Focusing on the estimation of ERV, the notably high MAPE indicates a relatively subpar overall performance. Given that ERV has the narrowest range of measured values (ie, median 0.8 L, (IQR 0-44) L and a large RMSE of 0.31 relative to the ERV range, this elevated MAPE may be partially influenced by the smaller margin for error [21]. ERV measures the volume of air that an individual can exhale after completing a normal tidal breath. Pairing this with spirometry, individuals with a higher ERV may experience more difficulty with exhalation or exhibit an obstructive pattern on spirometry with a lower FEV1 measure [22,23]. A higher ERV could be a sign of lung hyperinflation, while other factors like obesity, pregnancy, and significant ascites can decrease ERV [22,24]. Lung hyperinflation in obstructed patients, which is defined as elevated FRC, RV, RV/TLC, or occasionally ERV, is highly variable in patients and occurs inconsistently over time [23,25]. This inconsistency, combined with ERV’s narrow range, makes it challenging to predict.

Highlighting a more robust model, predictions for the RV/TLC ratio are strong overall, with AUC values ranging from 0.8 to 0.86 across all patterns and 0.91 in the full cohort. Except for normal pattern PFTs, the model consistently achieved sensitivities >0.84, but it struggled to identify positive cases in normal spirometry tests. While spirometry alone does not directly measure RV or TLC, FEV1 and FVC can indirectly reflect changes in lung volumes. In obstructive lung diseases, a reduction in FEV1/FVC ratio combined with an increase in the RV/TLC ratio often indicates air trapping [22-25]. In restrictive diseases, such as pulmonary fibrosis, spirometry may show decreased FVC with a preserved or decreased RV/TLC ratio, suggesting reduced air trapping [22-25]. Given the absence of abnormal FEV1 and FVC values, normal spirometry patterns would not usually suggest the existence of an abnormal RV/TLC ratio, potentially explaining the reduced sensitivity to predicting abnormal RV/TLC in normal spirometry.

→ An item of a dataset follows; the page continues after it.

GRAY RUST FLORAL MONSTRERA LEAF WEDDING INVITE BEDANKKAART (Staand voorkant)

A previous study used a CatBoost model to predict the TLC from spirometry, yielding good results [7]. The study reports an MSE of 560.1 mL for TLC and a positive predictive value for reduced TLC of 8% or 67%, depending on the model parameters. However, this study only focused on TLC and did not assess other pulmonary physiologic parameters obtained through lung volume measurements, such as FRC and RV. These parameters are necessary as they are crucial for assessing prognosis in various respiratory diseases [26-30].

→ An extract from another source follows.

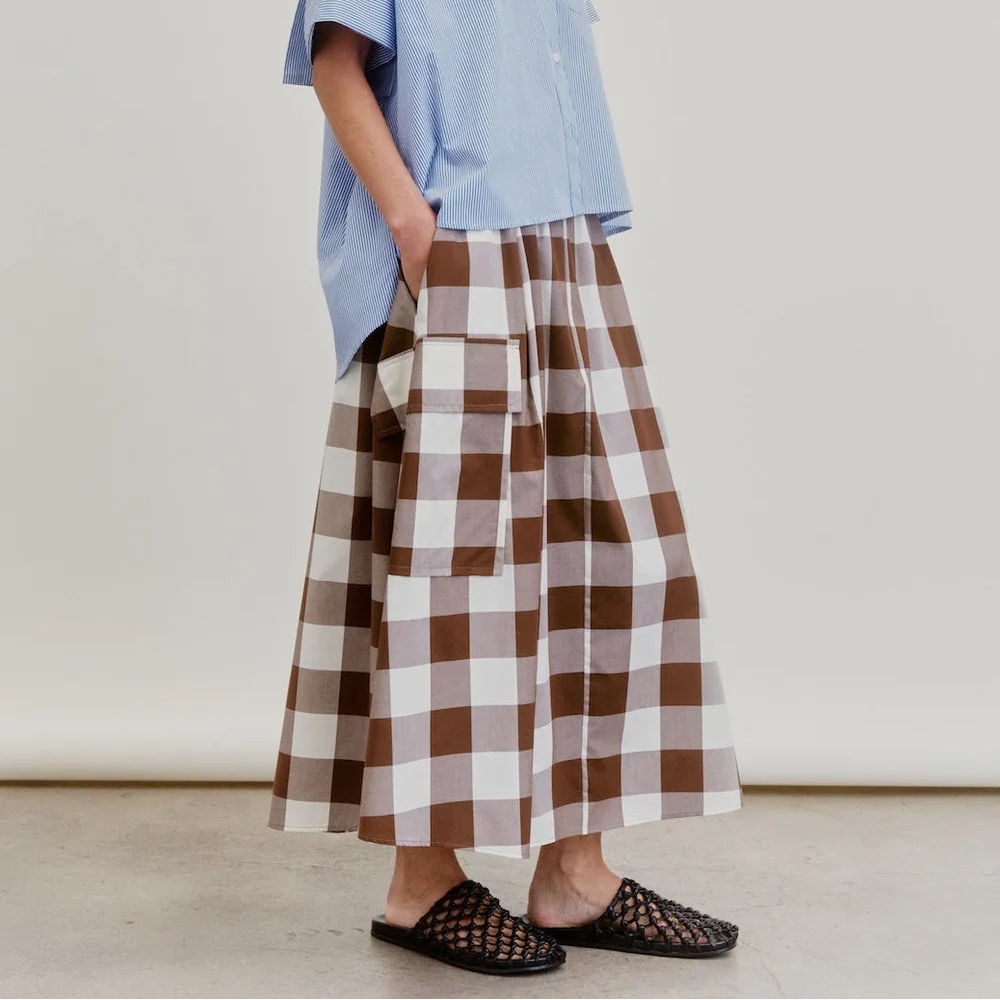 Le Cargo  Full Flared Skirt | Brown Gingham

Several studies have highlighted the importance of lung volume assessments for the diagnosis and prognosis of respiratory diseases [31]. In routine practice, it can aid in the early detection, diagnosis, and monitoring of respiratory conditions such as COPD, restrictive lung diseases, and neuromuscular disorders affecting respiratory function [10,32,33]. For instance, lung volume measurements (specifically, FRC and TLC) strongly correlate with mortality risk among patients with idiopathic pulmonary fibrosis [27,28,30]. This illustrates that the prediction of lung volumes from traditional spirometry holds substantial promise in clinical scenarios where lung volume measurements cannot be directly performed, such as primary care offices, or health care facilities in rural areas where the equipment for measuring lung volumes is not readily accessible. Another scenario is when a patient is not capable of physically performing lung volume measurements, which could involve physical conditions that prevent them or any number of other limitations that could potentially limit them. Additionally, it may facilitate personalized treatment plans by providing a more nuanced understanding of a patient’s lung capacities, as lung volume measurements are typically performed only after a patient is determined to have an abnormal spirometry, unless in specialized centers.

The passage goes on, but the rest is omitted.